When the group arrived into Dublin Airport there was lengthy delays as Tusla processed their arrival before they were allowed to continue on their journey.

When they arrived in Mayo they went to a reception centre in Castlebar before being bussed to accommodations in Newport, Westport and Castlebar.

The children, whose rescue has been organised by Candle of Grace in Castlebar, were flown to Dublin in association with Ryanair, said Lily Luzan, founder of the charity.

They are expected to be treated by the leading authority on the impact of the Chernobyl disaster, Prof Yury Bandazhevsky, who was persuaded recently by Ms Luzan to leave Ukraine with all his research records and resettle in Mayo. The refugee academic aims to set up a radiation research centre in Mayo.

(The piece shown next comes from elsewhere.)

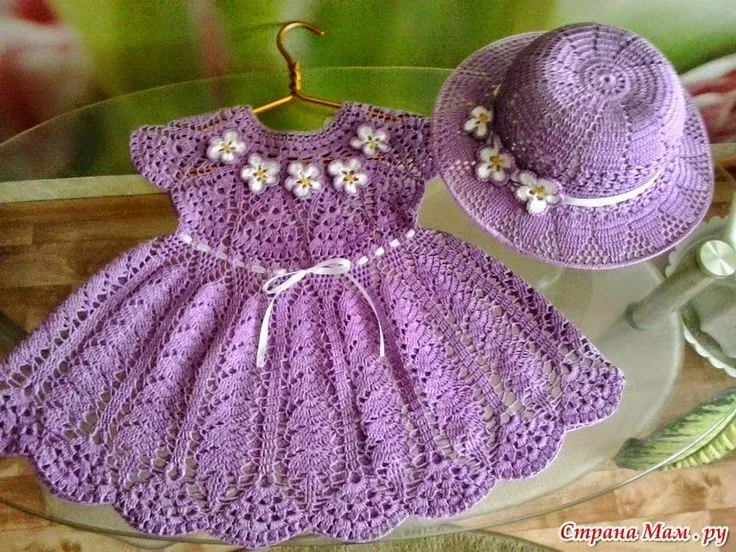 Crochet y dos agujas: Encantador conjunto de vestido y sombrero ...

"We are getting the children out and into the clean air of the west of Ireland," said Ms Luzan, who was a child when the Chernobyl disaster occurred on April 26, 1986. She and her family were living close to the nuclear facility at the time.

Ms Luzan, who has lived in Ireland for the past two decades, has worked for many years to assist residents in the immediate surroundings of Chernobyl on both sides of the Ukraine/Belarus border. The charity has stepped up its efforts dramatically since Russia launched its brutal war on Ukraine.